Trade in a no-deal Brexit
While the UK is bullish that the agreement on the Withdrawal Agreement – limited only to the consequences of departure and the bill – will be agreed by October, there is no similar confidence regarding the future framework for the relationship between the UK and EU.
By way of analogy that a commercial lawyer would understand, the Withdrawal Agreement is an agreement under which the UK would have an obligation to pay, while the framework for a future relationship is an “agreement to agree”. Subject to a hard deadline of less than two years. I have seen early PFI projects take that kind of time. And that was where all parties were engaged and knew what they were doing.
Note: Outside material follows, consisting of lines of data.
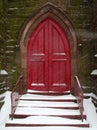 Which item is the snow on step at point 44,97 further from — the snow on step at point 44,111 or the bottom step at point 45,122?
the bottom step at point 45,122

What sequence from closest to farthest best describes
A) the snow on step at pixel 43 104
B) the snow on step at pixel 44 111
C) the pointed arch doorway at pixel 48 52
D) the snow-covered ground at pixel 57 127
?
1. the snow-covered ground at pixel 57 127
2. the snow on step at pixel 44 111
3. the snow on step at pixel 43 104
4. the pointed arch doorway at pixel 48 52

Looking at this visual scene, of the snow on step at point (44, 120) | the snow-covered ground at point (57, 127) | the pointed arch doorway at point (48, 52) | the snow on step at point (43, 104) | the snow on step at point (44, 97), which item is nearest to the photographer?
the snow-covered ground at point (57, 127)

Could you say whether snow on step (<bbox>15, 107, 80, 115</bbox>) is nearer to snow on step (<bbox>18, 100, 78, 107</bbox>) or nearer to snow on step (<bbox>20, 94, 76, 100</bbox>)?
snow on step (<bbox>18, 100, 78, 107</bbox>)

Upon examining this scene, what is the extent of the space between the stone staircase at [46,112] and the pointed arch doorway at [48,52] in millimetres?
612

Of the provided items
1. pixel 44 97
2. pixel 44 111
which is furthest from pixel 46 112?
pixel 44 97

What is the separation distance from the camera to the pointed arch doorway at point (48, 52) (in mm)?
12984

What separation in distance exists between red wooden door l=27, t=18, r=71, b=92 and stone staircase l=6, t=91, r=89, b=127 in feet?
1.87

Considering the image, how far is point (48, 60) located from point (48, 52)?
0.27 meters

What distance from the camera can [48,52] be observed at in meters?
13.1

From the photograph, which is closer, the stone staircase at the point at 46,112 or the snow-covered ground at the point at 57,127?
the snow-covered ground at the point at 57,127

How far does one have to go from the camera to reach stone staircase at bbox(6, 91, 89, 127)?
10.4 meters

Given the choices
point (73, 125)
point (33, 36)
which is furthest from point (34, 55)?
point (73, 125)

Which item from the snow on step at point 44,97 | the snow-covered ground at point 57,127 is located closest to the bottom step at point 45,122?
the snow-covered ground at point 57,127

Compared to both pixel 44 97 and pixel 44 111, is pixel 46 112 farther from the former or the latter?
pixel 44 97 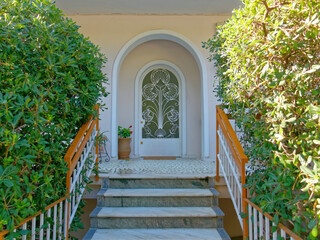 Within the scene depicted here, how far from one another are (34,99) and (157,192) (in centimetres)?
195

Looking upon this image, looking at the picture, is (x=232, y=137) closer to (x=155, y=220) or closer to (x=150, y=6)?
(x=155, y=220)

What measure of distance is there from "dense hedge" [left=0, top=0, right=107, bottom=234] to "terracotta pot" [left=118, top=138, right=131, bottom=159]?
3.03 meters

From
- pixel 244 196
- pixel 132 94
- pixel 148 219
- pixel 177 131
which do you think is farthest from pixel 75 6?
pixel 244 196

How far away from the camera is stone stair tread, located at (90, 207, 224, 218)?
278 cm

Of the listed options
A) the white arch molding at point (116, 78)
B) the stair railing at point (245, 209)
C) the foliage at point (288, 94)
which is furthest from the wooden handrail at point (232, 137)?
the white arch molding at point (116, 78)

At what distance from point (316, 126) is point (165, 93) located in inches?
190

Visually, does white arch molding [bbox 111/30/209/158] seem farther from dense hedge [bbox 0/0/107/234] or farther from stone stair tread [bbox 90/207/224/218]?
dense hedge [bbox 0/0/107/234]

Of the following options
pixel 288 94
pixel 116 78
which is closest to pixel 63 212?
pixel 288 94

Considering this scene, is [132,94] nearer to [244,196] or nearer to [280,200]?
[244,196]

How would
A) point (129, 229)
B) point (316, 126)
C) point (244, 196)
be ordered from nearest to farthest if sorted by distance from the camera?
point (316, 126) < point (244, 196) < point (129, 229)

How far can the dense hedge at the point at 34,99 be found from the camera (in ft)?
5.29

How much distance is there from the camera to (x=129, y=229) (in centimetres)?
275

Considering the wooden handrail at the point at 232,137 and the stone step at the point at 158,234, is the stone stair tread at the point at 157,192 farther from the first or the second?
the wooden handrail at the point at 232,137

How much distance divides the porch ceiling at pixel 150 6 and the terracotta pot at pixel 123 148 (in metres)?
2.75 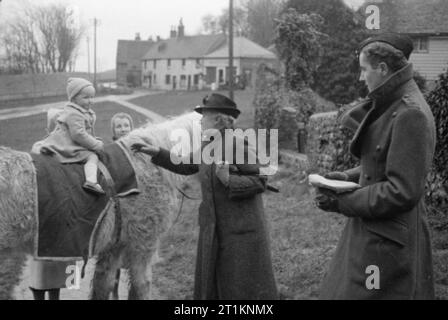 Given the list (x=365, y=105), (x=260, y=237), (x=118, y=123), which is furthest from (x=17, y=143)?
(x=365, y=105)

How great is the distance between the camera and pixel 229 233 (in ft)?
11.2

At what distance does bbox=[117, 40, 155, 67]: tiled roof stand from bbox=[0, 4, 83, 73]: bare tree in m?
29.5

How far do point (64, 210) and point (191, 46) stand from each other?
4799 cm

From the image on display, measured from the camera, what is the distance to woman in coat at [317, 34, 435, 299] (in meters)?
2.21

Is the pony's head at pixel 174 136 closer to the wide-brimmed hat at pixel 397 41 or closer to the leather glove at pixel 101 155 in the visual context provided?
the leather glove at pixel 101 155

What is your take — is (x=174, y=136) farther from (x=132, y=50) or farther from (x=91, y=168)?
(x=132, y=50)

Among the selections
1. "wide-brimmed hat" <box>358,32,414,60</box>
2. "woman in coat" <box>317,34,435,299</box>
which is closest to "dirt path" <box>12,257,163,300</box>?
"woman in coat" <box>317,34,435,299</box>

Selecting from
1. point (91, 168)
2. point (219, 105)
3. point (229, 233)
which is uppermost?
point (219, 105)

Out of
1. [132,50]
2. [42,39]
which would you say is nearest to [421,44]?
[42,39]

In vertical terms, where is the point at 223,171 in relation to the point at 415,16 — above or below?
below

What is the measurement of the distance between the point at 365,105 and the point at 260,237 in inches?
52.5

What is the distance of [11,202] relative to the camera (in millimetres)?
3848

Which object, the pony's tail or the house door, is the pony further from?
the house door

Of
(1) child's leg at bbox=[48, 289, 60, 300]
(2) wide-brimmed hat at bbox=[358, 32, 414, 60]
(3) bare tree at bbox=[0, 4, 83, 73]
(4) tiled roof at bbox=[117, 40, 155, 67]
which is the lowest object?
(1) child's leg at bbox=[48, 289, 60, 300] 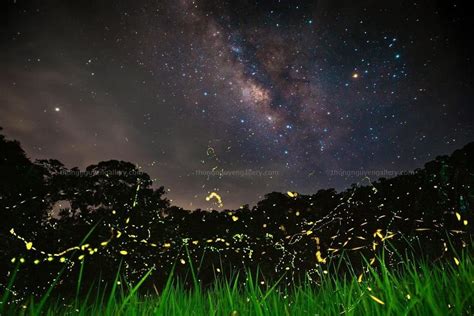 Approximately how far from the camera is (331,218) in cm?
971

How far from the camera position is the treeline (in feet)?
26.8

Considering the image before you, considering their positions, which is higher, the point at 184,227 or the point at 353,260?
the point at 184,227

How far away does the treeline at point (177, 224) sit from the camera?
8156 mm

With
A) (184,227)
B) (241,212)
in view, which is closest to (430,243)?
(241,212)

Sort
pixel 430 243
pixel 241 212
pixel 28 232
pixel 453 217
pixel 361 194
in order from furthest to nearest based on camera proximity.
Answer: pixel 241 212
pixel 361 194
pixel 28 232
pixel 430 243
pixel 453 217

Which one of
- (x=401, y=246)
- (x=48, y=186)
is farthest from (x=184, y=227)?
(x=401, y=246)

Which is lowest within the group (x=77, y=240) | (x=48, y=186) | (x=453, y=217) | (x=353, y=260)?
(x=353, y=260)

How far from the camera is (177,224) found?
10.8 meters

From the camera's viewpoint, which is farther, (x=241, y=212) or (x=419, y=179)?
(x=241, y=212)

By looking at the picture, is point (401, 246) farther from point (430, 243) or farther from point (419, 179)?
point (419, 179)

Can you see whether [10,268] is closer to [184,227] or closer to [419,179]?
[184,227]

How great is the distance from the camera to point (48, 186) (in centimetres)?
980

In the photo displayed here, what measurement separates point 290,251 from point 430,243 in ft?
11.9

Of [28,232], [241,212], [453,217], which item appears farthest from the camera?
[241,212] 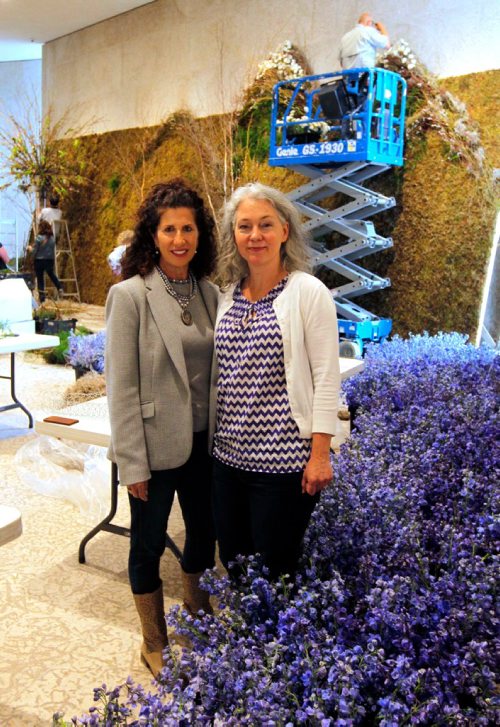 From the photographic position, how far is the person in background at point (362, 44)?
285 inches

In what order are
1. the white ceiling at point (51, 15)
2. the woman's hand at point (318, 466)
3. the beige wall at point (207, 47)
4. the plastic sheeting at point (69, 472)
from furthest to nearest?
the white ceiling at point (51, 15)
the beige wall at point (207, 47)
the plastic sheeting at point (69, 472)
the woman's hand at point (318, 466)

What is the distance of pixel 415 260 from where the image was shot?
816 cm

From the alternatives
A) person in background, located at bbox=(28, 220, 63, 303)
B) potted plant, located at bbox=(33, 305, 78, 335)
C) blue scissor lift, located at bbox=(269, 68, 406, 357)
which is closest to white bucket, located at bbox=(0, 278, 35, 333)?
potted plant, located at bbox=(33, 305, 78, 335)

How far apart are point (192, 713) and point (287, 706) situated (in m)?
0.23

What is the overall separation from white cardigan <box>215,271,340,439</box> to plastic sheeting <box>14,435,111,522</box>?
221 centimetres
There are four Technical Notices which provide guidance and advice in advance of March 2019: Trading with the EU if there’s no Brexit deal, Classifying your goods in the UK Trade Tariff if there’s no Brexit deal, Exporting controlled goods if there’s no Brexit deal and VAT for businesses if there’s no Brexit deal.
The guidance recommends that businesses consider their supply chains; how they might be affected by having to apply WTO rules; and, for exporters, practicalities such as how to complete customs procedures.
In my experience, regardless of EU-wide advertisement for major large contract opportunities, our education clients tend to award contracts to local or national suppliers. For obvious reasons, there is an obvious cost advantage based on proximity. The supply of goods is usually wrapped into the supply of services, such as the supply of mechanical spare parts under a facilities management services contract.
The key point which arises is that there is a significant level of education required on life outside of the EU. This is especially true in relation to trade in goods – whether this is components or finished manufactured goods. For institutions who are typically customers, even where the customer is not itself an importer, it is worth understanding the supply chain in order to understand the impact of leaving the EU. The consequences could include:
- Imposition of tariffs and associated paperwork
- Exchange rate variation.
- Increased costs and delays in managing distribution
- Changes in tax law, particularly VAT
Some of these implications are costs, which can either be absorbed or will be passed on. Other consequences can be mitigated. This is likely to be the case where the institution has specialist equipment which may need specific spare parts: the equivalent of hoarding tins of beans in preparation.
The real danger, of course, is that mitigation is not always an option. From the other side of the negotiating table, a business based in the EU-27 might similarly be considering the options it has with respect to a UK component supplier. For large businesses, it can be difficult to mitigate the consequences if there are tight margins or production depends on a “just-in-time” manufacturing methodology. The risk for British businesses is that an EU customer might take a much simpler option.